Task goal:
Quote the entries below from the line with "बिल्डर संगठन क्रेडाई" through the line with "actor Nikki Agrawal large photo", both ends included, and only those lines.

-------- Data for the task --------

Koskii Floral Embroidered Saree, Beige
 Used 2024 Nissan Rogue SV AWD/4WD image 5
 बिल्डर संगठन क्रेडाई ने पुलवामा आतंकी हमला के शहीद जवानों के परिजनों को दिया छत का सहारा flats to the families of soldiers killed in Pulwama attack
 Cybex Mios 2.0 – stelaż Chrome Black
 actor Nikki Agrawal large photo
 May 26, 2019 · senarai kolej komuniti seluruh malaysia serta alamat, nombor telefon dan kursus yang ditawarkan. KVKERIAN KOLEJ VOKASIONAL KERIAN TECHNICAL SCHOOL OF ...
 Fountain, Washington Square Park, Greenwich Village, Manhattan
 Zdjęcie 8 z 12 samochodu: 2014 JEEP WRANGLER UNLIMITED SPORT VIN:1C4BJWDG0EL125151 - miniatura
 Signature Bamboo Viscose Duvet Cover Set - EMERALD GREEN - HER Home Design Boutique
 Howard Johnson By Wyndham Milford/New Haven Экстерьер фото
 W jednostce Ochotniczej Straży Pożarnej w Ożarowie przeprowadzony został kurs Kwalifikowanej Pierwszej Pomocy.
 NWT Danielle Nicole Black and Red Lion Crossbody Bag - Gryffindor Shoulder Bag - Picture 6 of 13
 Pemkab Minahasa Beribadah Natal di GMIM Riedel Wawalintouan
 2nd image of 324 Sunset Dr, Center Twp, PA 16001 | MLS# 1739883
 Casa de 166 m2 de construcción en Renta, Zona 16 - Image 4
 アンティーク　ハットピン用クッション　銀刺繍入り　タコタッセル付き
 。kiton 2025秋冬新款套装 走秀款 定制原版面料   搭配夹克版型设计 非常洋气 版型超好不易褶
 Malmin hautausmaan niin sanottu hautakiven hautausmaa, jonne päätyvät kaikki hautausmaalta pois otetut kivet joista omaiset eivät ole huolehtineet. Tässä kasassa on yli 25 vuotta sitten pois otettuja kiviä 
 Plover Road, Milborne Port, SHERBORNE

--------

Response area:
 बिल्डर संगठन क्रेडाई ने पुलवामा आतंकी हमला के शहीद जवानों के परिजनों को दिया छत का सहारा flats to the families of soldiers killed in Pulwama attack
 Cybex Mios 2.0 – stelaż Chrome Black
 actor Nikki Agrawal large photo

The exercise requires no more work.